Checks using 'splint'

[mdeweerd]

#2639 adds splint as a workflow.

• do_splint.sh (with splint installed) with arguments will check only those files without disabling warnings.
  Without arguments it checks "all" files (a lot of files were excluded).
• Except for a duplicate function warning, I disabled all messages and files that could not be parsed.
• Files are excluded by grepping the list of 'c' files resulting from a find (in do_splint.sh). So to enable parsing for a file in the workflow, that has to be updated.

Most of the time parsing fails because variables are not defined at the start of a block.
I adjusted some files for that and in 'include/abuf.h' I added a '#ifndef S_SPLINT_S' to work around the elipsis limitation of splint.

[zuckschwerdt]

Very interesting checks, thanks. Some quick notes:

There is still older code with irregular style. We'll maybe normalize that someday, but for now keep it because the authors intended to convey meaning with the style.

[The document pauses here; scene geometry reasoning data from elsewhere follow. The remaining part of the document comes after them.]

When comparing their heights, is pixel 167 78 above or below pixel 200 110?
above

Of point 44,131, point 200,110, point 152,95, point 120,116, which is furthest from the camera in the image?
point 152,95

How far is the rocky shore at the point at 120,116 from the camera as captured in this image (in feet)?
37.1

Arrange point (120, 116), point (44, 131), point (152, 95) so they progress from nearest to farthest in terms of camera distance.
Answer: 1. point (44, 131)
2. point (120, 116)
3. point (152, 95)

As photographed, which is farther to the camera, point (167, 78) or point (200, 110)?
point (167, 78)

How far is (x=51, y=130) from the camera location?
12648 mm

We switched to relaxed c99 variable definitions to make reasoning and refactoring easier. We don't want to change that. And esp. widening the scope in e.g. loops is not acceptable, a local loop var will scope to the inner block and should not be visible outside (e.g. after the loop is done).

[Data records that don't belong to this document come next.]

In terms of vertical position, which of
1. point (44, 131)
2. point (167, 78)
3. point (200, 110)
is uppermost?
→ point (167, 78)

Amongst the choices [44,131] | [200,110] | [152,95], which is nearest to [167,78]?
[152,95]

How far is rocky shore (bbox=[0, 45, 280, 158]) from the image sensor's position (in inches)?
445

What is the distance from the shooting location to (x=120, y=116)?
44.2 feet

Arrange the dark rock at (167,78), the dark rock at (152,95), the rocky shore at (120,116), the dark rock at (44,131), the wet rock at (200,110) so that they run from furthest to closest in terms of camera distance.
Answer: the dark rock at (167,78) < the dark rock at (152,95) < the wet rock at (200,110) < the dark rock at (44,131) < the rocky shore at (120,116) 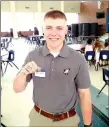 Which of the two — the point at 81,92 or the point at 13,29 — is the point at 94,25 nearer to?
Answer: the point at 13,29

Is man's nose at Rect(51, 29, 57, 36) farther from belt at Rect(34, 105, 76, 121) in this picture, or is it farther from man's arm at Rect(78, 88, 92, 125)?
belt at Rect(34, 105, 76, 121)

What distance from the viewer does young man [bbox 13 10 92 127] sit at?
1464mm

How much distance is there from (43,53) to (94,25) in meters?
12.0

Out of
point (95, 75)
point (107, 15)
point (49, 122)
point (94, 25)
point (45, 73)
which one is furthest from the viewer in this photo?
point (94, 25)

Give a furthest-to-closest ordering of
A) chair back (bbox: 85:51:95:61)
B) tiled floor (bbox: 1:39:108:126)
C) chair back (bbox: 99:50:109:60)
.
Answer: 1. chair back (bbox: 85:51:95:61)
2. chair back (bbox: 99:50:109:60)
3. tiled floor (bbox: 1:39:108:126)

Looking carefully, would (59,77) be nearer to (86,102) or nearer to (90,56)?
(86,102)

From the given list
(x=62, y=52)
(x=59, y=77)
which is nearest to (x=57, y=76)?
(x=59, y=77)

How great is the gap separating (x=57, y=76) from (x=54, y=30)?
33cm

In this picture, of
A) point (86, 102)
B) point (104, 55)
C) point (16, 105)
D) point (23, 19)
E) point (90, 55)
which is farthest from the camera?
point (23, 19)

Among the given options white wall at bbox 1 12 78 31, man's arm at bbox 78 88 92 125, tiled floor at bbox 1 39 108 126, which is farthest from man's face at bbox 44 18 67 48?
white wall at bbox 1 12 78 31

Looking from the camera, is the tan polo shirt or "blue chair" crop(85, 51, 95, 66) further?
"blue chair" crop(85, 51, 95, 66)

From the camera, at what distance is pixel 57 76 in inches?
59.8

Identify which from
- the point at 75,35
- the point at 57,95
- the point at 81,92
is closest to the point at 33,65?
the point at 57,95

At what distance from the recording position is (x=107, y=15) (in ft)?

The "function redefined" (e.g. nexus.c) warning is odd. I assume it's about the declaration of rubicson_crc_check() in multiple files? I see no difference between declaration in a header or inline in source?

[mdeweerd]

Defining the function using "extern" keeps splint happy.

Relaxed C99 variable definition support is a long pending "issue" as there is no real codeowner for splint.

splintchecker/splint#12

[zuckschwerdt]

For non-inline functions, extern is not needed as it is on by default (per C99 standard). So the check is wrong here. But I don't see harm in making an otherwise useful checker happy by adding the storage-class modifier though ;)

[mdeweerd]

I've update the script - 55 C files can be parsed and hence be checked for recommendations.

[gdt]

What's the scope/intent of this issue? What's the path to closing it? It feels like a discussion of things noticed from the PR. We've resolved, I think, that splint expects stricter c99 than rtl_433's style guide, but I'm not sure what else.

[mdeweerd]

Given that splint does not support C99 and that RTL433 is in favor of using this feature, there is no real reason to push for it.

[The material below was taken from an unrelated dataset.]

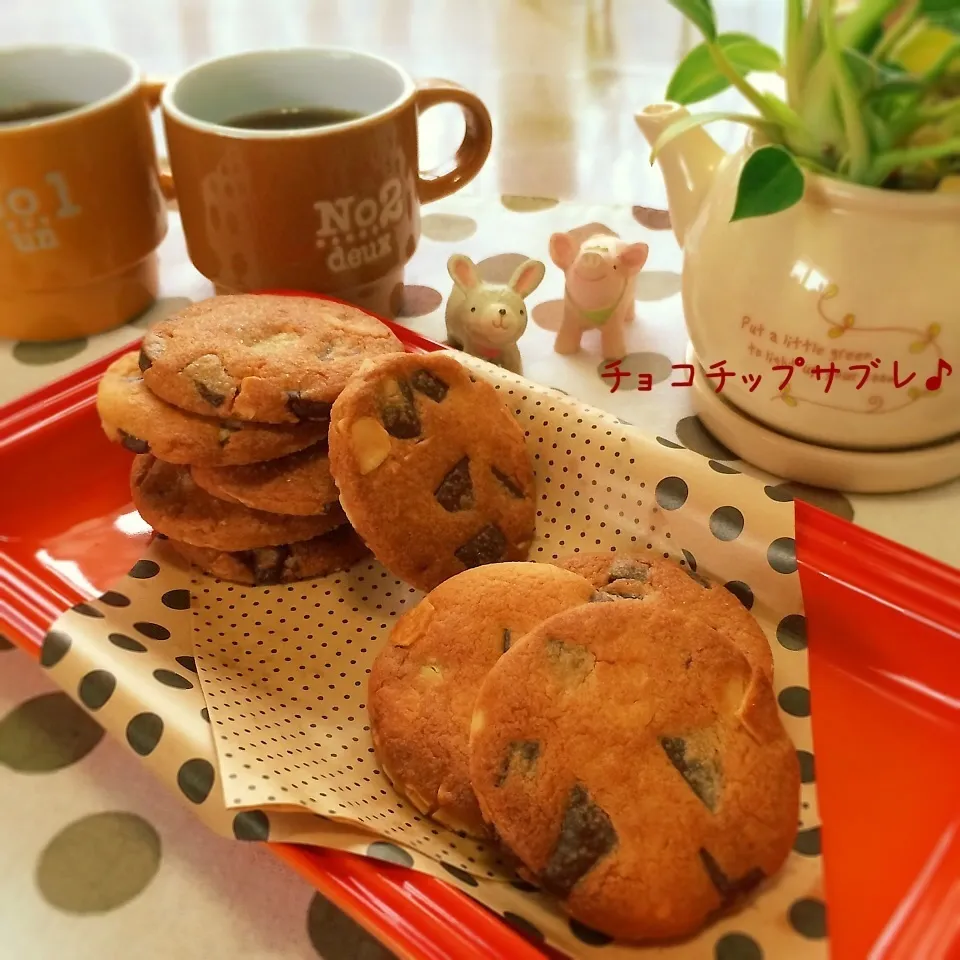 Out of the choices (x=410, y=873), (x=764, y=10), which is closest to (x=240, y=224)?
(x=410, y=873)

I was under the impression that RTL_433 treis to keep (somewhat) compatible with older cversions.

One of the main things that I learn from this splint analysis is that typing can be improved - IMHO the use of uint16_t and similar should be more widely applied. Also, currently int16_t may be assigned to ints and vice-versa without any casts - while cast are not required by the language, they indicate the developer's intention, which allows detecting unwanted conversions.

There are some other lessons as well, but the above are the main ones.

This is the log for the parsable files with "no" exclusions: analysis.log

[gdt]

Certainly if you want to file PRs or issues for specific cleanups that seems reasonable; I can't of course tell you how they will go over though.

As far as this issue goes, it seems it has run it course, we learned some things, and it's time to close it. If you agree, please do.